* [AVAILABLE DATA]:
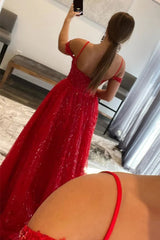 Red Sparkly Detachable Train Sequins Long Corset Prom Dress with Slit Gowns, Red Sparkly Detachable Train Sequins Long Prom Dress with Slit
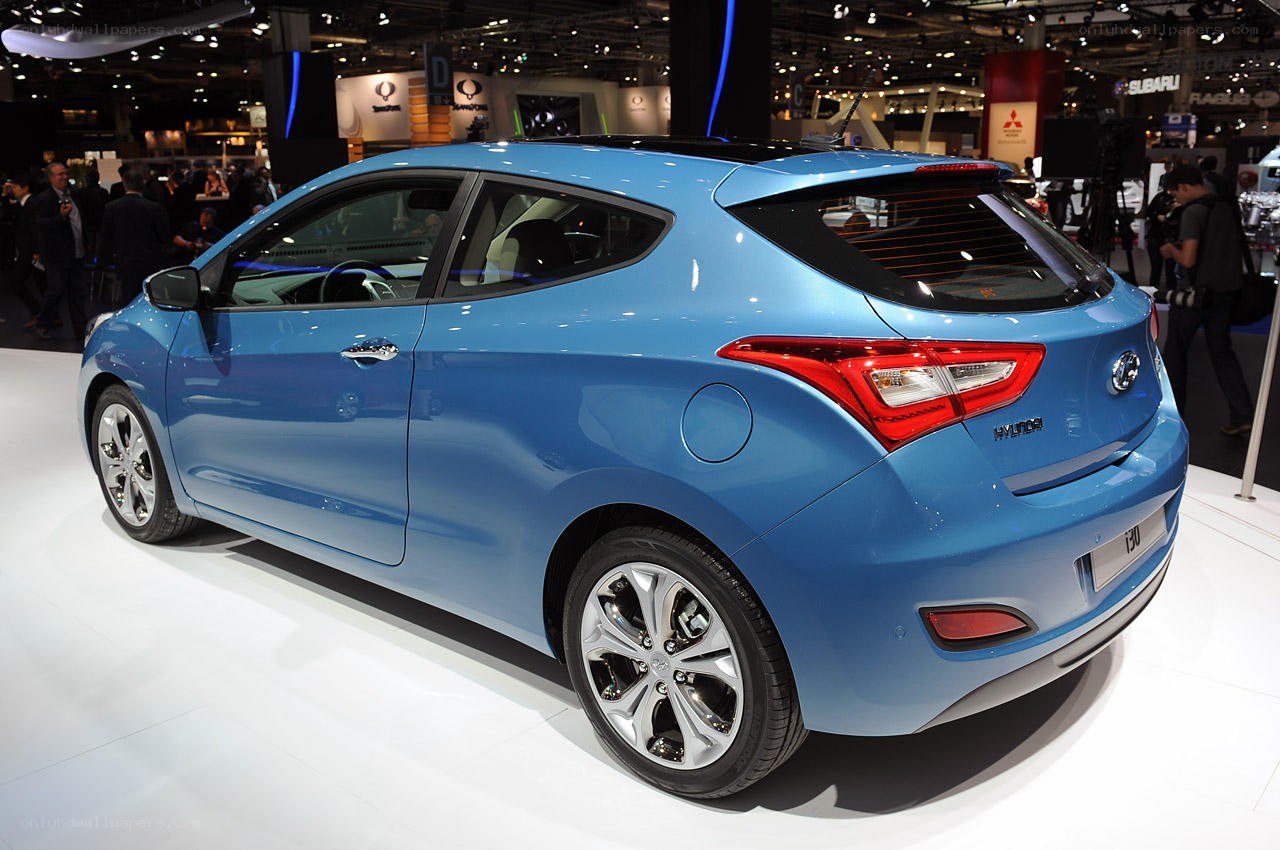 Blue Hyundai i30 on display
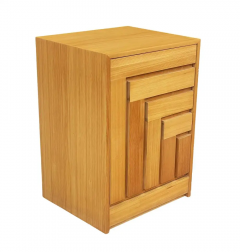  Founders Furniture Company Mid Century Modern Geometric Front Cabinet or Night Stand in Blonde Wood - 2567804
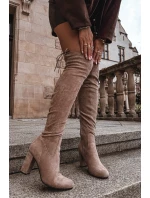 Kozaki Damskie Na Słupku Beżowe Xamarin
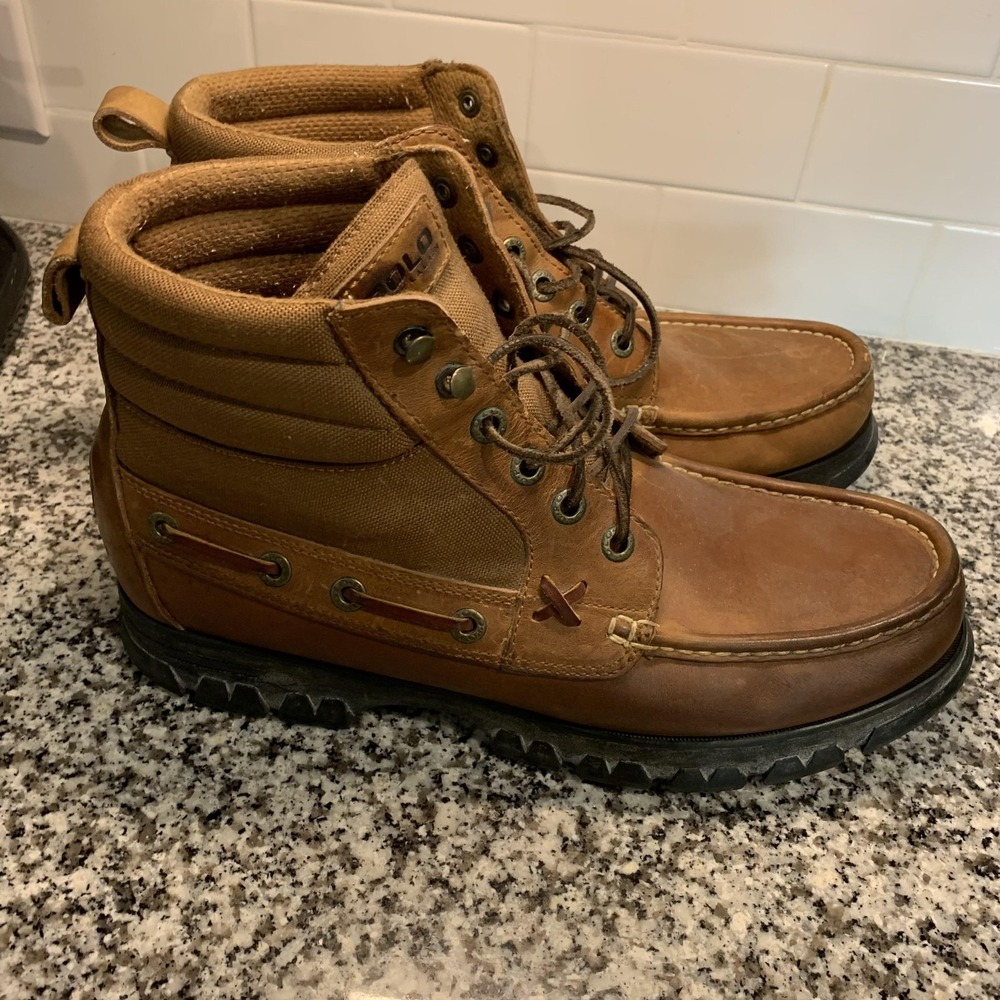 Polo Ralph Lauren Boots Mens Size 13 D Leather Combat Hiking MC4852 Ranger Moc - Picture 6 of 13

* [WHAT TO WORK ON]: Copy the records above exactly, omitting every picture.

* [EXERCISE RESPONSE]:
 Red Sparkly Detachable Train Sequins Long Corset Prom Dress with Slit Gowns, Red Sparkly Detachable Train Sequins Long Prom Dress with Slit
 Blue Hyundai i30 on display
  Founders Furniture Company Mid Century Modern Geometric Front Cabinet or Night Stand in Blonde Wood - 2567804
 Kozaki Damskie Na Słupku Beżowe Xamarin
 Polo Ralph Lauren Boots Mens Size 13 D Leather Combat Hiking MC4852 Ranger Moc - Picture 6 of 13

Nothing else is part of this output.